Tidak terasa waktu berjalan demikian cepat, 3 (tiga) bulan telah berlalu sejak kejadian tersebut. Buat Tri kejadian tersebut merupakan mimpi buruk yang tidak begitu saja dapat dihilangkan. Sampai saat itu seakan-akan masih terasa tangan besar berbulu dari lelaki India tersebut yang merangkulnya dengan erat badannya yang langsing itu, disamping perasaan tidak berdaya menelungkupinya ketika tangan tersebut mengelus-elus seluruh badannya dan bermain-main pada kedua buah dadanya dan yang lebih menggelisahkannya lagi adalah perasaan yang masih membekas pada pangkal pahanya sampai saat ini.
Terlebih-lebih ketika Tri sedang tidur telentang di tempat tidurnya, terbayang dan terasa penis besar hitam lelaki tersebut mengaduk-aduk lubang kemaluannya yang menimbulkan perasaan sensasi dan membuat seluruh badan Tri panas dingin diliputi kenikmatan yang tidak terbayangkannya. Kadang-kadang ada perasaan yang mendesaknya untuk mau lagi mengalami peristiwa itu, tapi di lain pihak perasaan halusnya dan harga diri sebagai seorang wanita yang bermartabat tinggi, mengingatkan bahwa peristiwa yang dialami itu adalah merupakan suatu perkosaan yang brutal yang tidak pantas untuk diingat-ingat kembali.
Hari demi hari berlalu dengan cepat tanpa ada kejadian istimewa, pekerjaan-pekerjaan di kantornya semakin sibuk menyita waktu Tri, sehingga kejadian tersebut mulai dapat dilupakannya. Sampai pada suatu hari, tiba-tiba terjadi demonstrasi para mahasiswa di sekitar Bundaran Semanggi tidak jauh dari kantor tempat Tri bekerja.
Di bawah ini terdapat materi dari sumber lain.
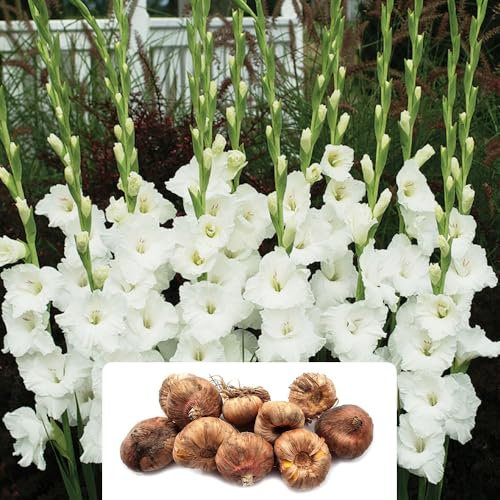 10 Gladiolus 'White Prosperity' Bulbs – Stunning Pure White Blooms for a Gorgeous Summer Garden Display – Perfect for Vases – Grown for UK Climate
Karena situasi pada saat itu sangat memanas, maka pimpinan kantor memutuskan untuk memulangkan para karyawannya lebih awal untuk mencegah terjadi hal-hal yang tidak diinginkan.
Saat itu baru menunjukan pukul 14.30 siang, setiap karyawan buru-buru mengemasi barang-barangnya di atas meja, mengunci laci dan lemari-lemari pada ruang kerja masing-masing dan cepat-cepat turun dari gedung kantor untuk buru-buru pulang. Demikian juga dengan Tri, dengan cepat dia membereskan surat-surat yang bertebaran di atas meja kerjanya dan segera dimasukkan ke dalam laci meja kerjanya. Setelah menguncinya dengan rapi Tri segera keluar ruang kerjanya dan cepat-cepat menuju lift untuk turun ke bawah.
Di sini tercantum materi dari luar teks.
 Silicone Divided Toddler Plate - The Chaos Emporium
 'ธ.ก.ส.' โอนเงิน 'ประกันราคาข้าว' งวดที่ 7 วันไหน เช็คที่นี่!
Di lantai 25 tempat Tri bekerja itu telah kosong, seluruh karyawan telah turun terlebih dahulu, hanya Tri sendirian yang menunggu lift untuk turun ke bawah. Setelah lift yang turun dari atas terbuka, Tri dengan cepat segera masuk ke dalamnya dan segera lift itu menutup kembali dan bergerak turun. Tiba-tiba Tri menyadari, dia hanya berdua dengan seseorang di dalam lift tersebut dan saat bersamaan orang tersebut menyapa Tri dengan halus, "Tri, mau pulang juga ya!" dengan kaget Tri segera mengangkat mukanya dan melihat ke belakang, ke arah suara tersebut berasal. Mukanya mendadak menjadi merah setelah menyadari bahwa orang tersebut yang hanya berdua saja dengan dia adalah Mr. Gulam yang bejad itu. Tri hanya diam tidak menyambut sapaan Mr. Gulam tersebut. Mr. Gulam mencoba menawarkan jasanya untuk mengantar Tri pulang dengan alasan pada saat itu kendaraan umum tidak ada yang beroperasi akibat demonstrasi para mahasiswa di sepanjang jalan Sudirman. Akan tetapi tawaran Mr. Gulam itu ditolak secara halus oleh Tri.
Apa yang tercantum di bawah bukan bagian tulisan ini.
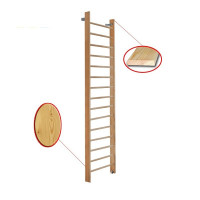 Стенка гимнастическая 320х80см массив.сосна Dinamika ZSO-000056
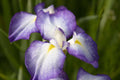 Iris ensata 'Gracieuse'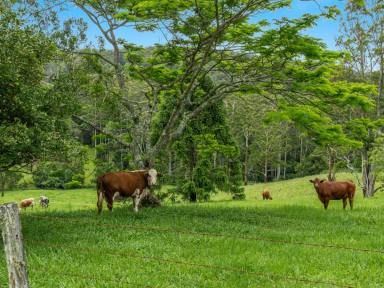 Farm For Sale - NSW - Wadeville - 2474 - Rural Lifestyle Opportunity- Suits Cattle, Horse Lovers!!!  (Image 2)
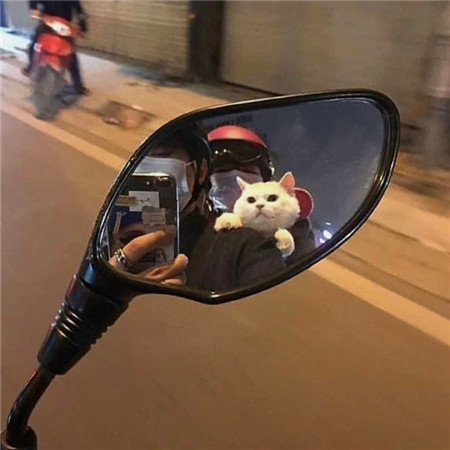 很有吸引力的很魅力的背景图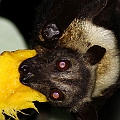 Spectacled Flying-fox with a mango seed<br />Canon EOS 7D + EF400 F5.6L + SPEEDLITE 380 + Better Beamer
Sesampai di bawah, begitu lift terbuka, Tri buru-buru keluar dan berjalan ke depan gedung untuk mencari taksi, sementara Mr. Gulam menuju tempat parkir untuk mengambil mobilnya yang kebetulan hari itu dibawa sendiri olehnya tanpa supir. Dengan gelisah Tri menunggu taksi di depan kantor, akan tetapi tidak terlihat satupun taksi dan kendaraan umum lainnya melintas di depan gedung tersebut, sementara aksi mahasiswa yang sedang berdemonstrasi di sepanjang jalan tersebut semakin panas saja. Sementara dalam kegelisahan itu, tiba-tiba sebuah mobil berhenti di depannya dan ketika kaca jendela mobil tersebut terbuka, kepala Mr. Gulam menongol keluar, "Ayolah, jangan takut, mari kuantar anda pulang, keadaan semakin berbahaya kalau anda terjebak di sini!" Melihat situasi sekelilingnya yang semakin gawat itu, dengan terpaksa Tri menerima ajakan Mr. Gulam tersebut. Dengan cepat Tri masuk ke dalam mobil Mr. Gulam dan mobil tersebut segera meninggalkan tepat tersebut.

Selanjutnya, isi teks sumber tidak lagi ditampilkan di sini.